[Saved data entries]
#####

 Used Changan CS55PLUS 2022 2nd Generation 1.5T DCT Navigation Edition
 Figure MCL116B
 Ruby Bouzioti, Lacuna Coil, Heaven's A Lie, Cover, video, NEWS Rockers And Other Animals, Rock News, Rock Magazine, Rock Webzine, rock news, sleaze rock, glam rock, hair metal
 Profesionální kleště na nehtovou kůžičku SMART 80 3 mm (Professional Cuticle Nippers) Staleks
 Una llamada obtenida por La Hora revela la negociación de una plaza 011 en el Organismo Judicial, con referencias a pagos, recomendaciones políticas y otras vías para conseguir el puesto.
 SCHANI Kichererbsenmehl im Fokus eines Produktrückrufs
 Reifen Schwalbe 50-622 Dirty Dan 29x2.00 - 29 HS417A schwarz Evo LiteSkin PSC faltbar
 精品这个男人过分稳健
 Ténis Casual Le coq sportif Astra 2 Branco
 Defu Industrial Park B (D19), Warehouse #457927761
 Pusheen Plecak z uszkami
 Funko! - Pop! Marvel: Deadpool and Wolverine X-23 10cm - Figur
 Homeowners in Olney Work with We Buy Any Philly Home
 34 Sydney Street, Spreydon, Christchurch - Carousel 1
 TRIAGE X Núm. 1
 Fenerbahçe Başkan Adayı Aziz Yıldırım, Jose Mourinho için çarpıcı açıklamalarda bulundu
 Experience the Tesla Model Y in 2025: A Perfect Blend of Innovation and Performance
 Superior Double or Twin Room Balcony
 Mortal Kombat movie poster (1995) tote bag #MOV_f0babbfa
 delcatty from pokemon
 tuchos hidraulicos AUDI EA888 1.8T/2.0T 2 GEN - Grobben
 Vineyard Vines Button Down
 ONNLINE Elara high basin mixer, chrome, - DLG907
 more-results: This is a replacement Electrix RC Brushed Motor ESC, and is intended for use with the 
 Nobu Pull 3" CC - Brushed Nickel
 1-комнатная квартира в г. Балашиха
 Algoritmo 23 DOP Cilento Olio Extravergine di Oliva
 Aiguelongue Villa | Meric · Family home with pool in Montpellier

#####

• [Task to carry out] Each entry above should be restated exactly as supplied.

• [Result for this exercise]
 Used Changan CS55PLUS 2022 2nd Generation 1.5T DCT Navigation Edition
 Figure MCL116B
 Ruby Bouzioti, Lacuna Coil, Heaven's A Lie, Cover, video, NEWS Rockers And Other Animals, Rock News, Rock Magazine, Rock Webzine, rock news, sleaze rock, glam rock, hair metal
 Profesionální kleště na nehtovou kůžičku SMART 80 3 mm (Professional Cuticle Nippers) Staleks
 Una llamada obtenida por La Hora revela la negociación de una plaza 011 en el Organismo Judicial, con referencias a pagos, recomendaciones políticas y otras vías para conseguir el puesto.
 SCHANI Kichererbsenmehl im Fokus eines Produktrückrufs
 Reifen Schwalbe 50-622 Dirty Dan 29x2.00 - 29 HS417A schwarz Evo LiteSkin PSC faltbar
 精品这个男人过分稳健
 Ténis Casual Le coq sportif Astra 2 Branco
 Defu Industrial Park B (D19), Warehouse #457927761
 Pusheen Plecak z uszkami
 Funko! - Pop! Marvel: Deadpool and Wolverine X-23 10cm - Figur
 Homeowners in Olney Work with We Buy Any Philly Home
 34 Sydney Street, Spreydon, Christchurch - Carousel 1
 TRIAGE X Núm. 1
 Fenerbahçe Başkan Adayı Aziz Yıldırım, Jose Mourinho için çarpıcı açıklamalarda bulundu
 Experience the Tesla Model Y in 2025: A Perfect Blend of Innovation and Performance
 Superior Double or Twin Room Balcony
 Mortal Kombat movie poster (1995) tote bag #MOV_f0babbfa
 delcatty from pokemon
 tuchos hidraulicos AUDI EA888 1.8T/2.0T 2 GEN - Grobben
 Vineyard Vines Button Down
 ONNLINE Elara high basin mixer, chrome, - DLG907
 more-results: This is a replacement Electrix RC Brushed Motor ESC, and is intended for use with the 
 Nobu Pull 3" CC - Brushed Nickel
 1-комнатная квартира в г. Балашиха
 Algoritmo 23 DOP Cilento Olio Extravergine di Oliva
 Aiguelongue Villa | Meric · Family home with pool in Montpellier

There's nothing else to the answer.